Ma questo, per chi mi conosce, non è nulla di sconvolgente. La cosa importante è che, per la prima volta, non ho tenuto quanto ho scritto chiuso nelle cartelle del mio Pc ma ho deciso di pubblicarlo .

In questo articolo risponderò ad alcune domande che potrebbero nascere nella vostra mente… sperando di invogliarvi a leggerlo!

Di cosa parla il libro?
Il libro racconta la storia di un uomo qualunque, Nitto Bezzi, che un giorno si sveglia e crede di dover vivere la solita e noiosa routine. Quel che Nitto non sa è che, invece, tutto è cambiato e che la sua vita non sarà mai come quella che è abituato a vivere di solito. Come accade a tutti, anche lui, ad un certo punto, entra a contatto con la dura realtà dei fatti ed è costretto ad intraprendere un viaggio che lo condurrà verso orizzonti sconosciuti, un viaggio verso sè stesso, verso ciò che egli crede essere la felicità. Riuscirà a ritrovarsi, a realizzare l’immagine di sè che tanto desidera? Bhe… non posso dirvelo, rovinerei la sorpresa!

A cosa ti sei ispirato?
Bhe… per prima cosa alla mia vita! Da tempo, infatti, sentivo la necessità di rompere la solita routine, la noiosa quotidianità che non faceva altro che svuotarmi delle mie forze.  Anche io, come Nitto, mi sono trovato a metà fra il “restare così” ed  “andare verso me stesso” e questo libro è la trascrizione di questo combattimento che mi sono trovato a vivere.
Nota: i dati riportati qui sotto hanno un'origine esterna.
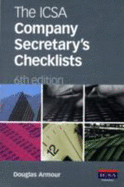 The ICSA Company Secretary's Checklists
Nitto Bezzi? Che nome buffo!
Si, in effetti lo è! Si tratta di un nome nato dalla storpiatura del cognome di un mio amico. Ai tempi del liceo, infatti, ci divertivamo a storpiare i nomi ed a parlare in maniera “strana”. A me, nello specifico, piaceva sostituire le doppie con la lettera Z. Ecco come  è nato il cognome Bezzi. Nitto, invece, è il diminutivo di Benedetto… nome azzeccato per uno come lui, persona a cui la vita ha fatto un grande regalo…

Hai pubblicato lo stesso racconto su un sito. Come mai?
Questo racconto nasce su un sito chiamato The Incipit. com. Tuttavia il racconto che si trova sul sito è diverso da quello pubblicato, anche se molte  parti sono uguali. Il racconto pubblicato su Amazon è ricco di nuovi contenuti ed è costruito su impalcature simboliche molto più “importanti” di quelle sul quale è costruito il racconto pubblicato sul sito.

La formattazione del testo fa schifo!
Lo so, mi dispiace… ma non dipende da me! Nella conversione del testo nel formato kindle, la formattazione ha subito delle modifiche. Pian piano sto cercando di migliorare la forma… ma non sono abile con questo formato di testo.

Perchè comprare il libro?
Bhe… è un pò come chiedere all’oste se il vino è buono!

Dove lo trovo?
Il libro può essere comprato QUI. E’ necessario avere una carta di credito online o, o comunque, la possibilità di effettuare un pagamento online.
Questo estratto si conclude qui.